Sonra kendimi düşündüm. 10 yaşında kolejde İngilizce öğrenmeye başlamış, lisede devlet okuluna geçince bildiklerimi unutmamak için ayrıca İngilizce kursuna yazılmıştım. Hatta 18 yaşında 15 günlüğüne İngiltere’ye gitmiştim. Yine de 23 yaşında Londra’ya okumaya geldiğimde İngilizcem hiçbir Hollandalı kadar iyi değildi. Gramerim Upper-Intermediate ya da Advanced çıkıyor ve hocalarım ekstra ders almama gerek olmadığını söylüyordu; ancak aksan problemlerinden dolayı insanlar beni, ben de insanları anlamakta zorlanıyordum.
Şimdi ise Hollandalı arkadaşım bana ‘‘sen burada büyüdün ama değil mi?’’ diye soruyordu. Tüm turistler beni peynir beyazı olmayan tenime rağmen İngiliz sanıyor, Türkler İngilizce konuşunca Türk olduğumu anlamıyordu. Nereden ve ne çabuk kapmıştım bu aksanı? Burada 25 yıldır yaşayan, elinde İngiliz pasaportuyla gezinen ama tek kelime İngilizce bilmeyen Türkler de vardı. Nedendi bu fark?
Düşününce, cevabı yine o üçte ikilik kısımda buldum: Pratik!
‘Dil yerinde öğrenilir!’ sözü çok doğru ama tam değildi.
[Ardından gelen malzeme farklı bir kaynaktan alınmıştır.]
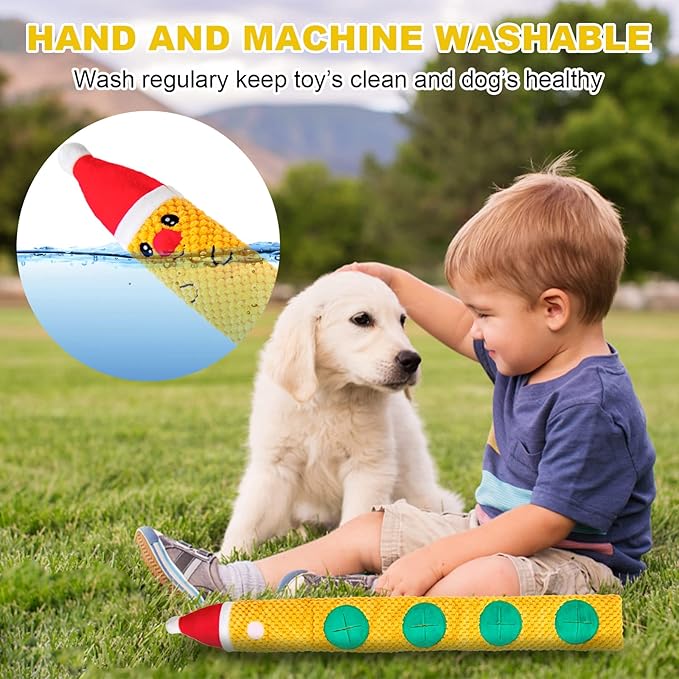 Christmas Deer Dog Toys - Plush Snuffle & Squeaky Toys for Puppy Teething & Small, Medium, Large Dogs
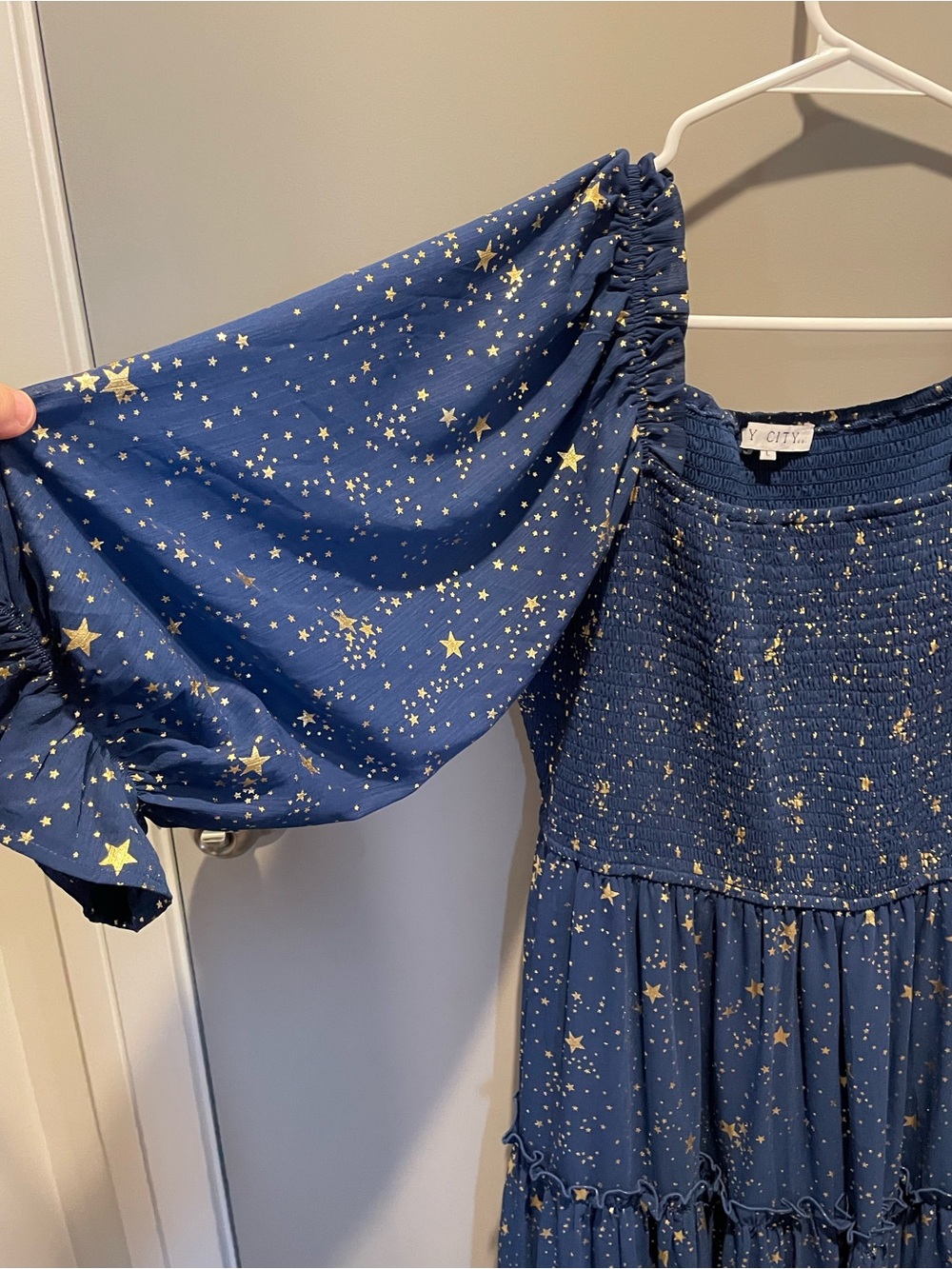 Ivy City Co Navy Blue Star-Print Midi Dress - Picture 5 of 6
Londra’da koleje ilk başladığımda Film ve Medya Bölümü’ndeki tek Türk bendim. Sınıfımızda da tek bir İngiliz vardı. Geri kalanlar ya Uzak Doğulu ya da Hintliydi ve de kendi aralarında gruplaşmayı tercih ediyorlardı. Ben de bu İngiliz arkadaş ve de Hintliler grubuna katılmak istemeyen bir Hintli çocukla zaman geçirmeye başladım. Tek ortak noktamız hepimizin Londra’ya yeni olmasıydı. Farkımız ise İngilizce seviyelerimizdi. Aralarında en kötü İngilizce de benimkiydi.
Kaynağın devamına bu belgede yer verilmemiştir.